Your goal: Every line in the data below has to be repeated exactly; no picture belongs in the result.
--
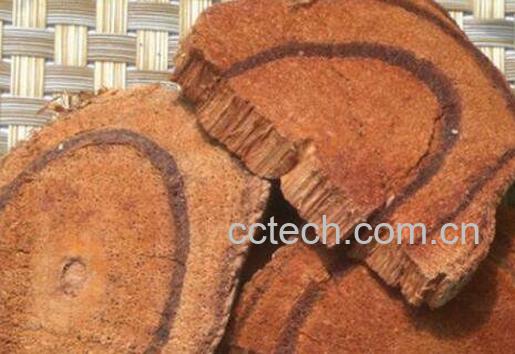 大血藤和鸡血藤的区别-1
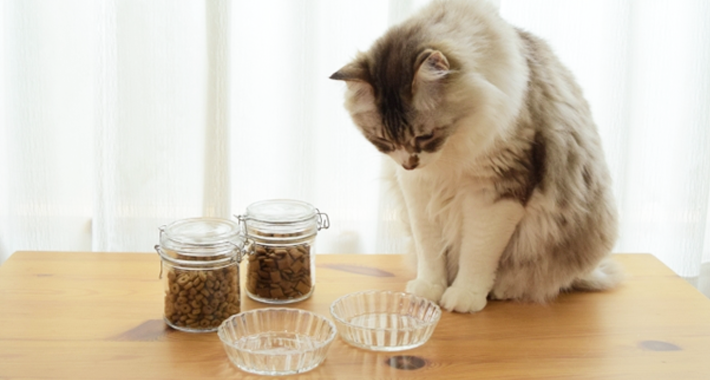 猫の食事・キャットフードの基本。 気をつけるべき事5選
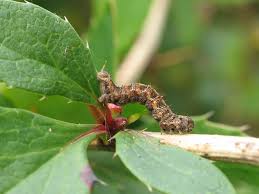 Attēlu rezultāti vaicājumam “Pareulype berberata”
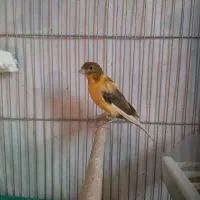 قناری  نر و ماده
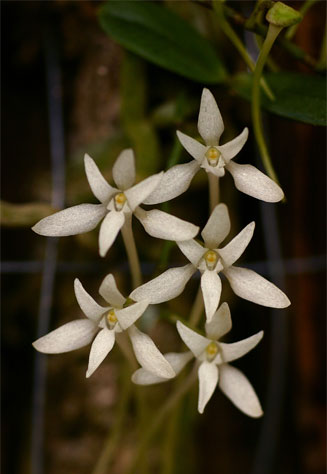 Mystacidium venosum
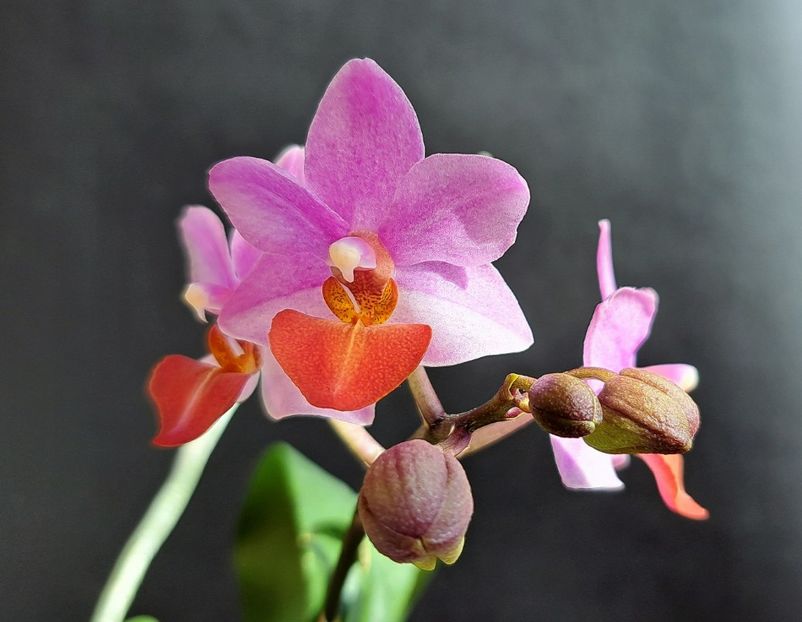 - Phalaenopsis 2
--
Exercise solution:
 大血藤和鸡血藤的区别-1
 猫の食事・キャットフードの基本。 気をつけるべき事5選
 Attēlu rezultāti vaicājumam “Pareulype berberata”
 قناری  نر و ماده
 Mystacidium venosum
 - Phalaenopsis 2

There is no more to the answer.